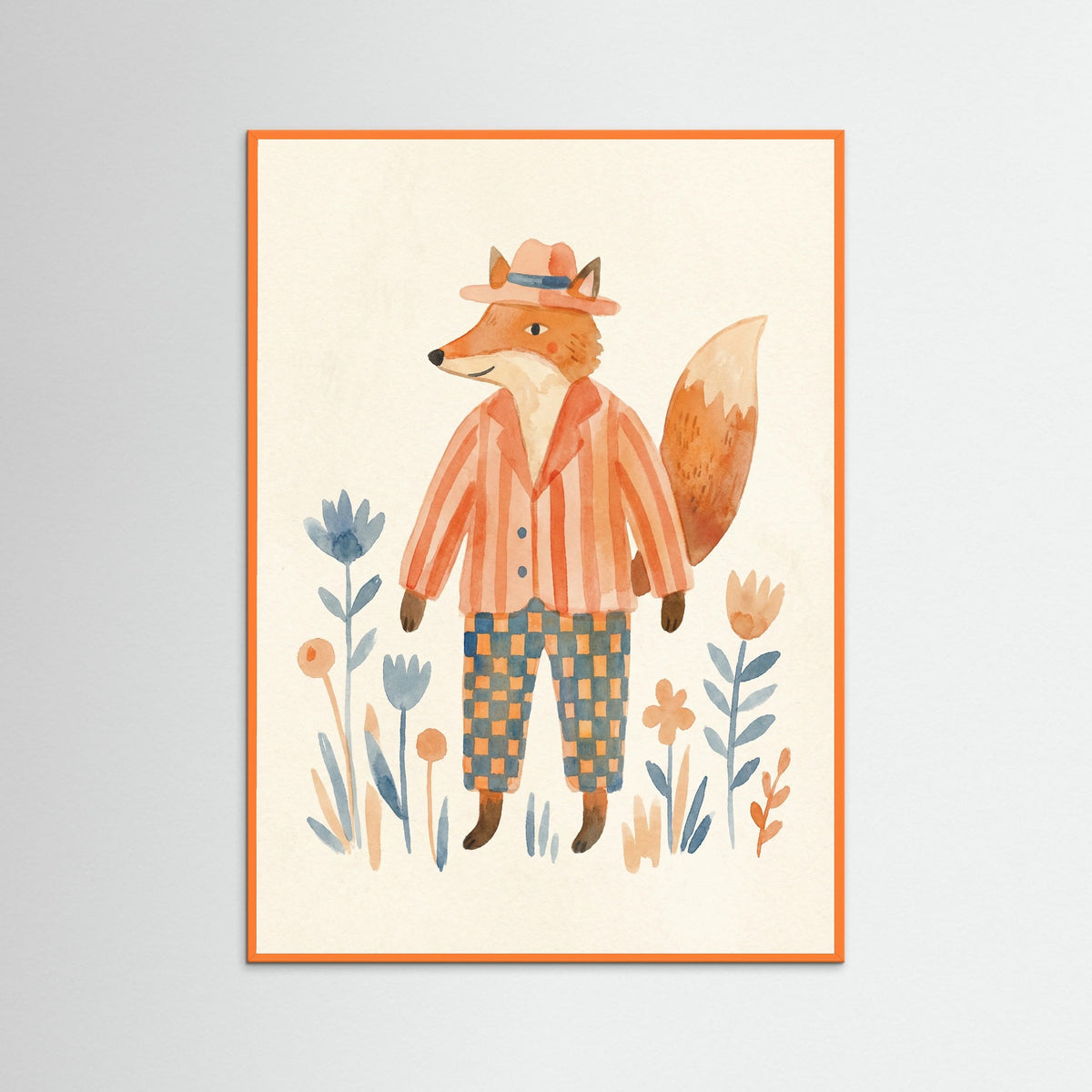 Orange Wood Checkered Figure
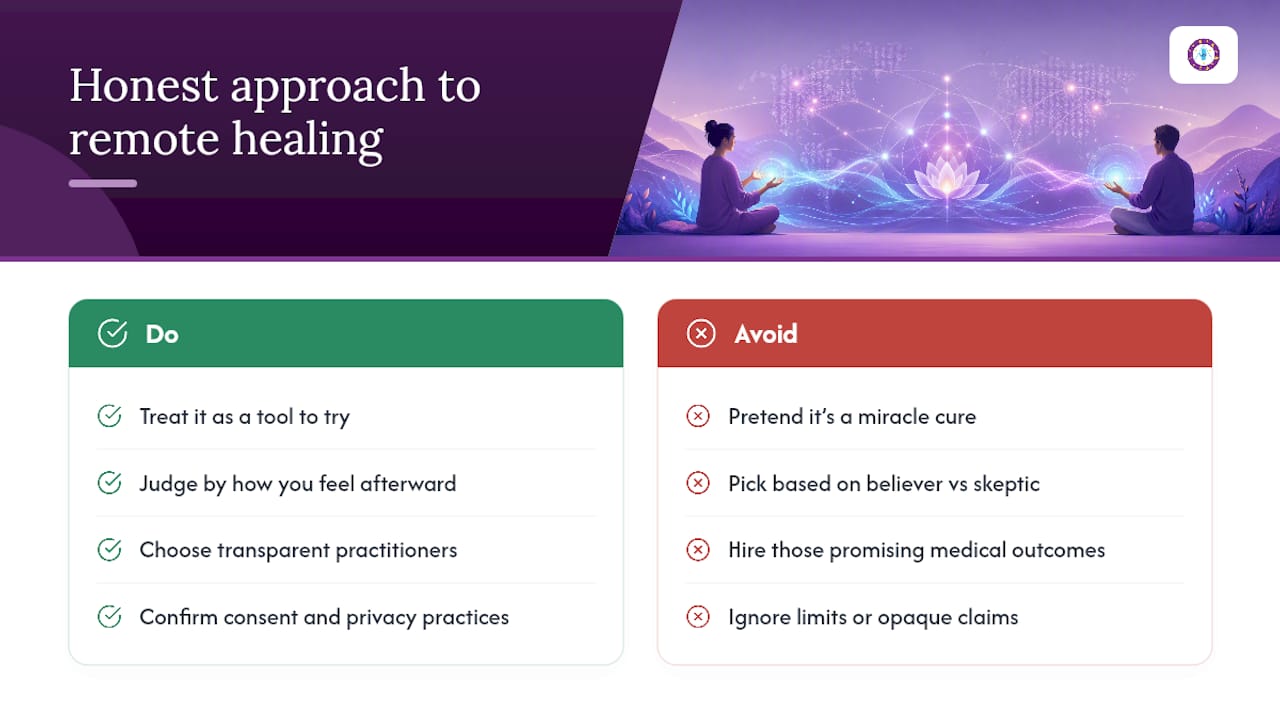 The Honest Take on Remote Energy Healing — overview diagram
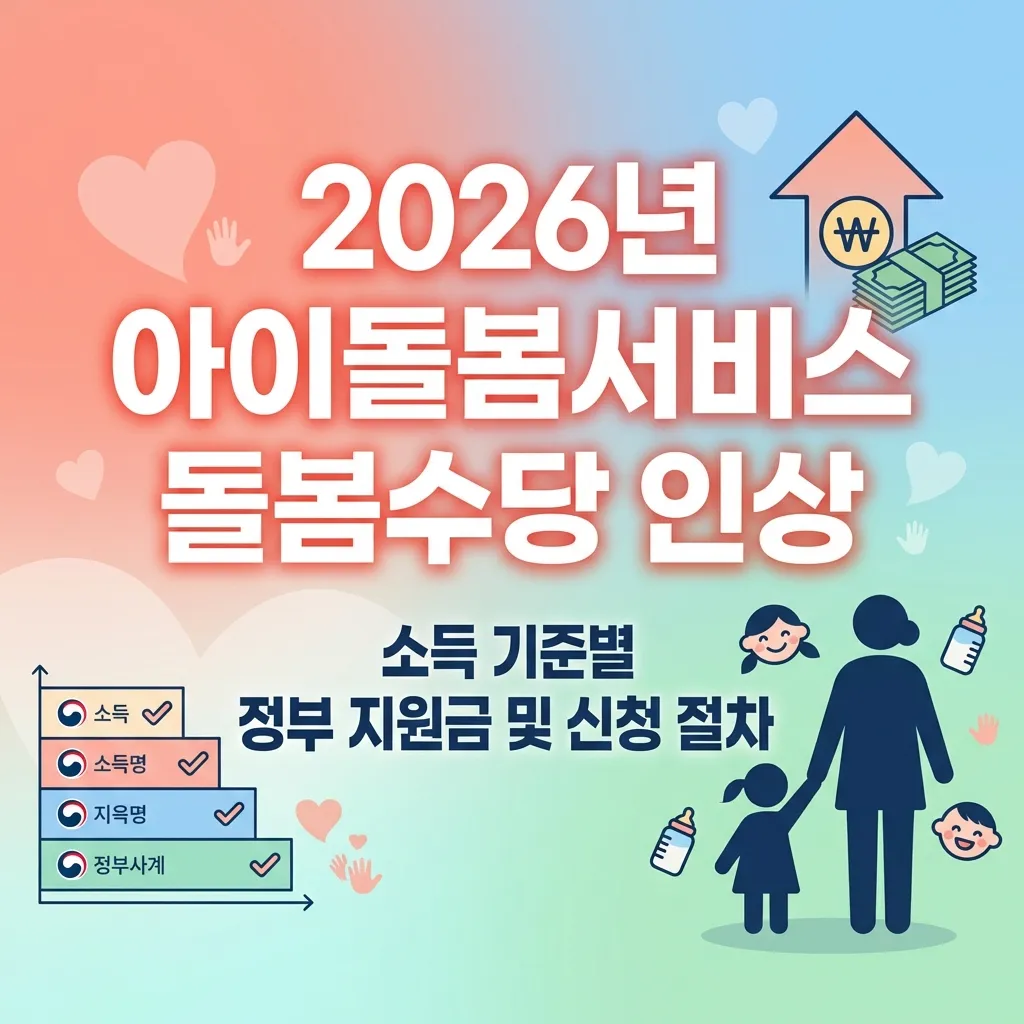2026년 아이돌봄서비스 돌봄수당 인상 안내 썸네일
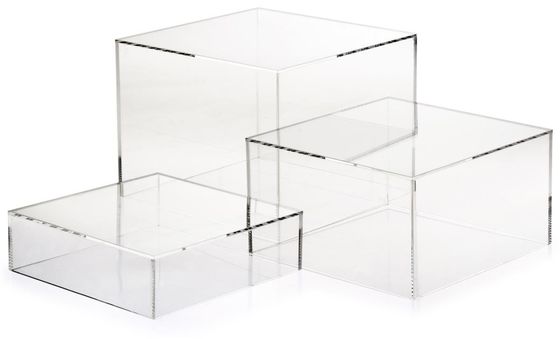 5x5 4x4 3x3 Acrylic Display Box 3 Pieces Collection Museum Box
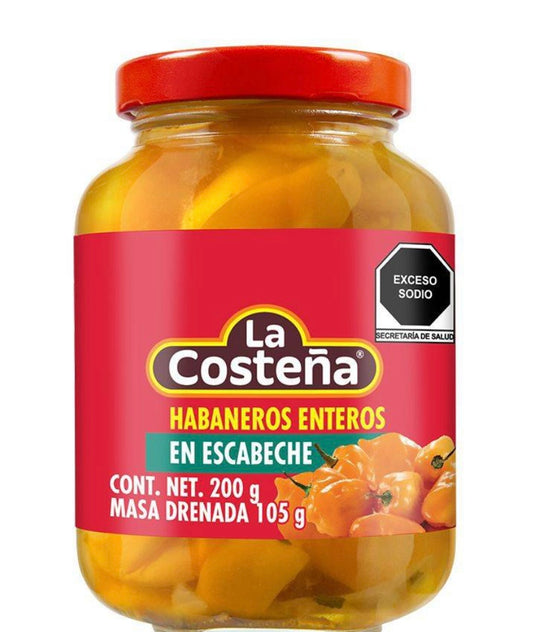 Habaneros enteros en Escabeche La Costeña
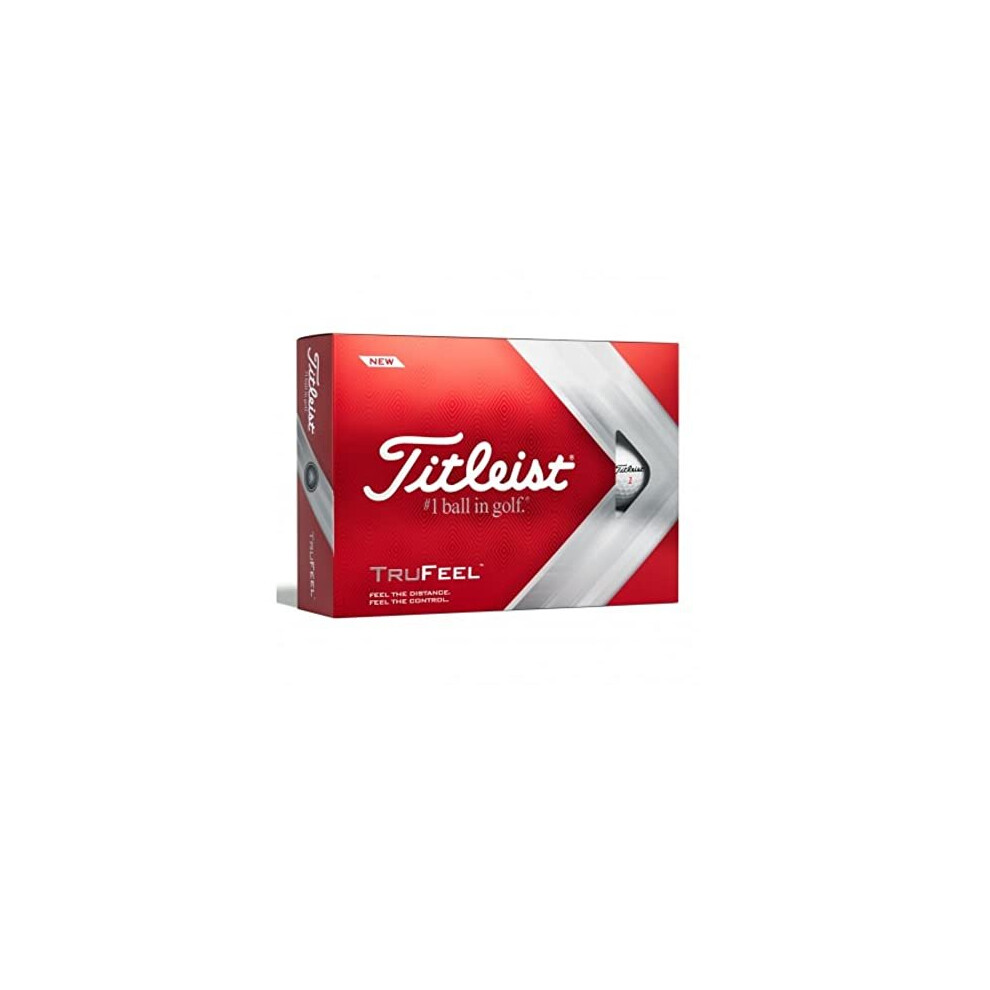 TITLEIST TruFeel Golf Balls, White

◆ **PROBLEM DESCRIPTION**:
Could you set down the material above word for word while dropping its pictures?

◆ **EXPECTED OUTPUT**:
 Orange Wood Checkered Figure
 The Honest Take on Remote Energy Healing — overview diagram
2026년 아이돌봄서비스 돌봄수당 인상 안내 썸네일
 5x5 4x4 3x3 Acrylic Display Box 3 Pieces Collection Museum Box
 Habaneros enteros en Escabeche La Costeña
 TITLEIST TruFeel Golf Balls, White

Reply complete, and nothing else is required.